After the break, Schalke’s full-backs were less advanced and stayed in traditional, defensive-minded positions as the home side played more cautiously. Dortmund attacked more through the middle – their wingers were still involved, but Gotze cut inside more and Blaszczykowski found pockets of space between the lines, from where he assisted Lewandowski’s goal. Dortmund improved in the second period, although they left themselves open to counter-attacks – inevitably, from Schalke’s wingers.

Other issues

It wasn’t all about the full-backs, of course – but all the other issues were of secondary importance to the battle down the flanks:

  • Draxler’s role helped Schalke work the overloads on the flanks. As a player formerly deployed on the wing, but now used as a number ten, he naturally drifts across the pitch laterally (a la Valbuena) to combine with the wingers. The way he was left unattended between the lines was also reminiscent of Toni Kroos’ freedom against Dortmund earlier in the season.
  • Schalke’s second half performance was a little like PSG’s in the win over Marseille a couple of weeks ago – because their gameplan was about counter-attacking down the flanks, the game stayed at a high tempo and Schalke were unable to retain possession to close out the game – as, say, Fiorentina did this weekend.
  • When Huntelaar got injured after 54 minutes, Keller was forced to bring on Teemu Pukki in his place – Pukki is a much shorter, less physical player and couldn’t really deal with long balls played towards him, which played into Bender’s hands nicely.
  • With Kolasinac struggling at left-back, Keller removed Neustadter, put on Christian Fuchs at left-back and moved Kolasinac into the centre of midfield, which seemed to work better.

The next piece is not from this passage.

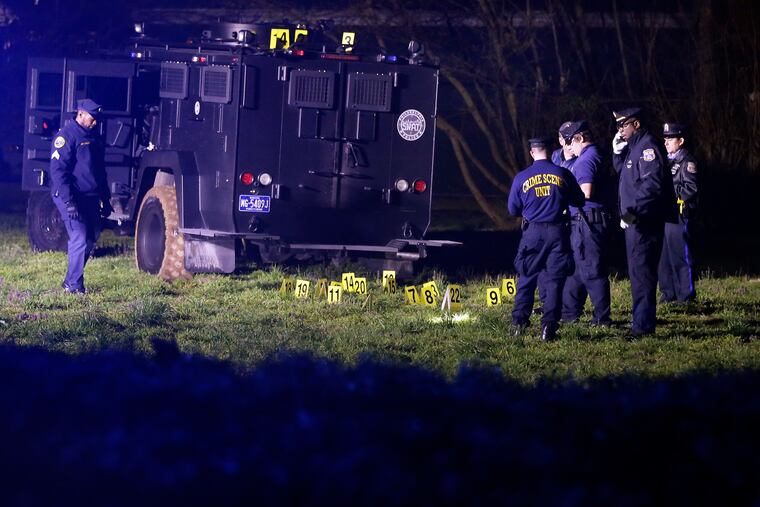 Crime Scene Unit officers mark shell casings near a SWAT armored car after a suspected gunman who held police at bay in Holmesburg for two hours was found critically wounded following a shootout with police.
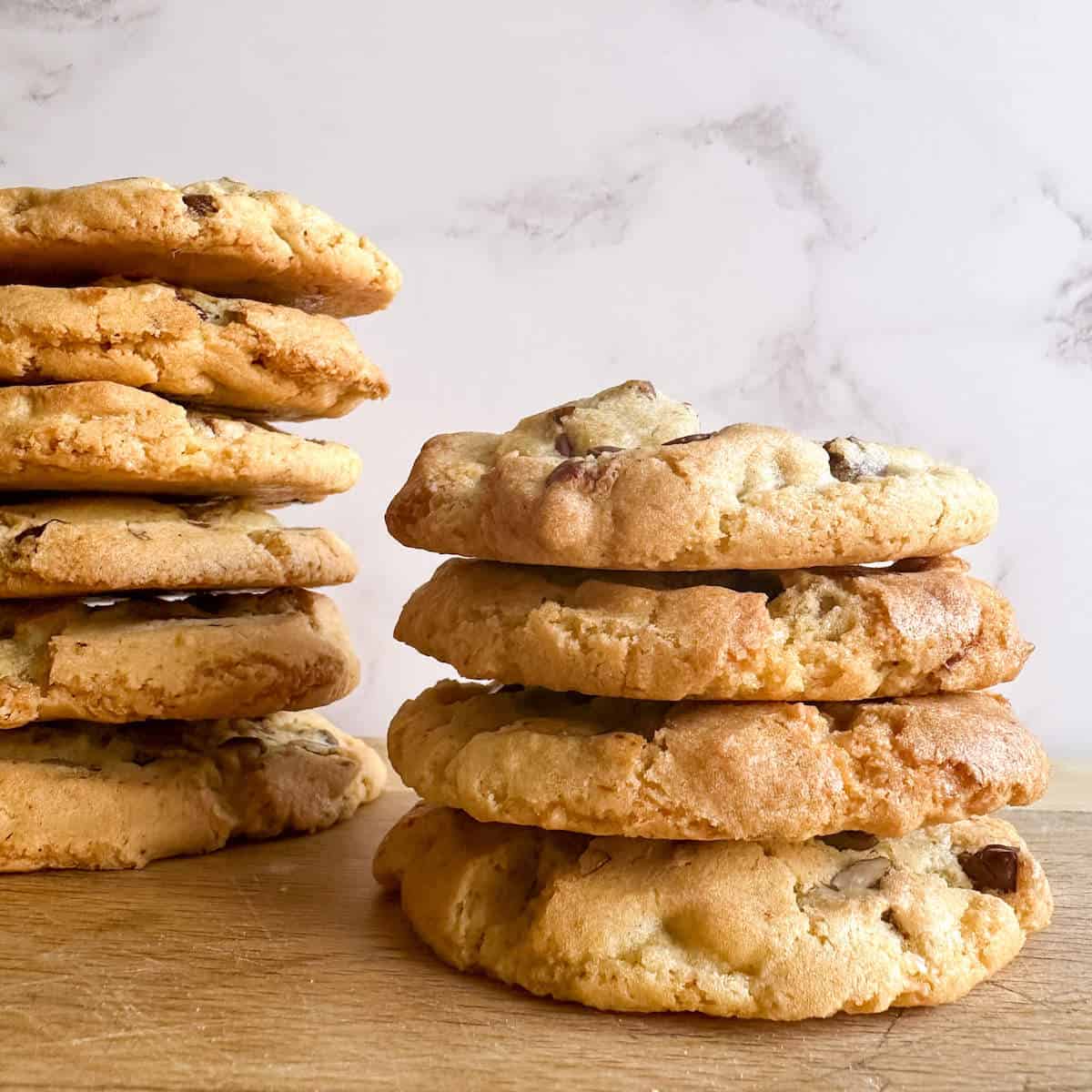Two stacks of cookies on a chopping board.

Schalke (blue) and Dortmund (red) both attacked primarily down the right (courtesy


This was most entirely about the overlapping runs down the flanks, and the two-versus-one situations that were frequently obvious for both teams, on both sides.

However, it was unquestionably Uchida who profited most from these situations, combining excellently with Hoger and Farfan to provide the two decisive crosses which put Schalke into a commanding lead.